Accommodating Students with Special Dietary Needs
Accommodating Students with Disabling Special Dietary Needs
Schools participating in a federal Child Nutrition Program (School Lunch, School Breakfast or After School Snack Program) are required to make accommodations for children who are unable to eat the school meals because of a disability* that restricts their diet. In order to make modifications or substitutions to the school meal, schools must have a written Medical Statement on file that is signed by a licensed physician. The statement must identify:
- The child’s disability
- An explanation of why the disability restricts the child’s diet
- The major life activity affected by the disability
- The food(s) to be omitted from the child’s diet
- The food or choice of foods that must be provided as the substitute
*Only a physician can declare if a student has a disability.
Accommodating Students with Non-Disabling Special Dietary Needs
Schools may, at their discretion, make substitutions for students who have a special dietary need, but do not meet the definition of disability. Examples include food intolerances or allergies that do not cause life-threatening reactions. The decision to accommodate a student’s special dietary need can be determined on a case-by-case basis, however, the school should remain consistent with accommodating special dietary needs. In order to make modifications or substitutions to the school meal, schools must have a written Medical Statement signed by a recognized medical authority identifying the following:
- An identification of the medical or other special dietary condition which restricts the child’s diet
- The food or foods to be omitted from the child’s diet
- The food or choice of foods to be substituted
In Pennsylvania, a recognized medical authority includes a physician, physician assistant, and nurse practitioner.
Milk Substitutions for Students with Non-Disabling Special Dietary Needs
For students with non-disabling special dietary needs which restrict their intake of fluid milk, the following applies.

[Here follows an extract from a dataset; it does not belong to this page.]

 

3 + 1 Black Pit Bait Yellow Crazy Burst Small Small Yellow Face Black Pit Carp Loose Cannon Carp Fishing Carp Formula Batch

- A recognized medical authority (physician, physician assistant, or nurse practitioner) may request a fluid milk substitute for a student with a non-disabling medical dietary need, such as milk intolerance, or due to cultural, religious or ethnic beliefs. The request must be made in writing.

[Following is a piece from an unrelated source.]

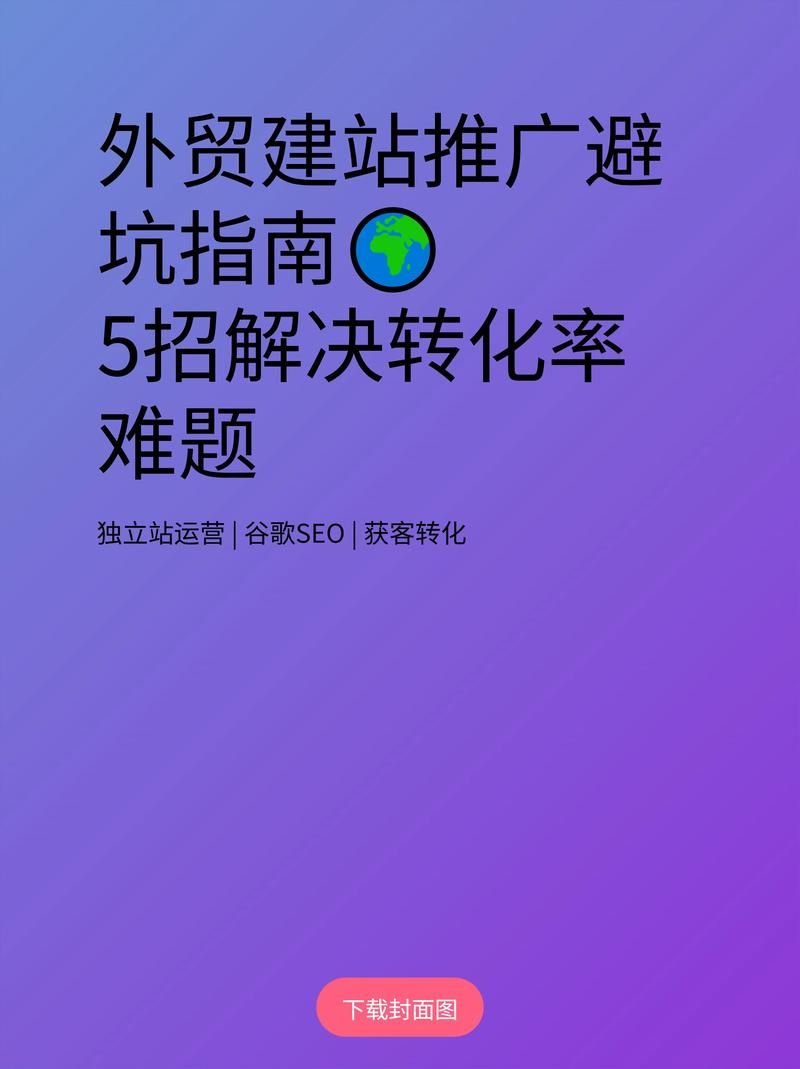 三十天官网建站经验分享避免踩坑指南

- The written request from a medical authority must identify the student’s medical or special dietary need that prevents them from consuming cow’s milk. Specifically referring to milk substitutions, a “special dietary need” can refer to cultural, ethnic, or religious needs, as well as medical needs.
- Nondairy beverages offered as a fluid milk substitute must meet the established nutrient standards.
- Juice and water cannot be substituted for fluid milk as part of the reimbursable meal even when requested by a physician. When fruit juice is merchandised as an option for a fruit/vegetable component, it can contribute up to 3/8 cup of the fruit/vegetable component. It cannot be offered in place of milk and it must be available to all students as an option.
Responsibility of Parents
- Notify the school of any food allergy, disability or special dietary need.
- Provide Medical Statement completed by a physician (disability), a recognized medical authority (non-disabling special dietary need), or the parent (non-disabling special dietary needs for milk only).
- Participate in any meetings or discussions regarding the student’s meal plan. Maintain a healthy line of communication with the school.
- Notify the school of any changes relating to the special dietary need (a new Medical Statement is required if the diet changes).